Kim Jones on his rise-and-fall set for Dior men’s show
As the lights dimmed and the show began, a magic trick: 51 panels on the floor lit up and slid open, out of which the entire cast of models rose upwards on individual lifts to present the entire collection at once. A spontaneous round of applause from the audience accompanied the spectacle, as attendees clamoured to capture the moment of their phones. Once up, the models circled the space one by one, before standing back on their panels and disappearing again in threes. (Every model rose and fell one final time for the show’s finale).
‘I suppose the set could be seen as an abstract garden,’ Kim Jones told Wallpaper* of his inspiration for the spectacle the day after the show. The garden has been a prescient inspiration for Kim Jones in his tenure so far – for S/S 2022 looks came complete gardening aprons, gloves and sun hats – and provides a link to house founder Christian Dior himself. An avid gardener, his obsession with flowers came from a childhood watching his mother tend her beloved rose garden in the family home in Granville, Normandy.

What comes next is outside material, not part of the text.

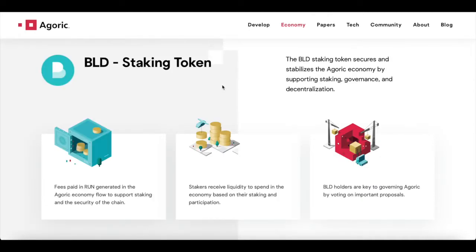Now onto the BLD staking token. The BLD staking token secures and stabilizes the Agoric Economy by supporting staking, governance, and decentralization. Fees paid and RUN generated in the Agoric Economy flow to support staking and the security of the chain, and additionally for stakers. Stakers receive liquidity to spend in the economy based on their staking and participation — rewarding you for participating within the ecosystem.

‘Particularly with the boys wearing hats, as they rise through the floor, they’re almost like plants growing – like a mechanical garden where the hidden is revealed,’ he continues, referencing the colourful knitted beanie-style hats created in collaboration with Stephen Jones which were adored with flowers and feathers. ‘The hats echo the organic shapes of flowers, and it all felt like a new way to interpret Christian Dior’s garden now.’
Of the collection itself – which referenced the work of the house’s previous creative directors, including Marc Bohan and Yves Saint Laurent – Jones said it was ‘all about the clothes’. ‘I like to think that in my five years of being here I have never forgotten this, Ii’s a culture we have inherited from womenswear past and applied to menswear present. And for the first time in our collections, it is a collage of influences from different Dior predecessors and eras we wanted to pay tribute to at once.’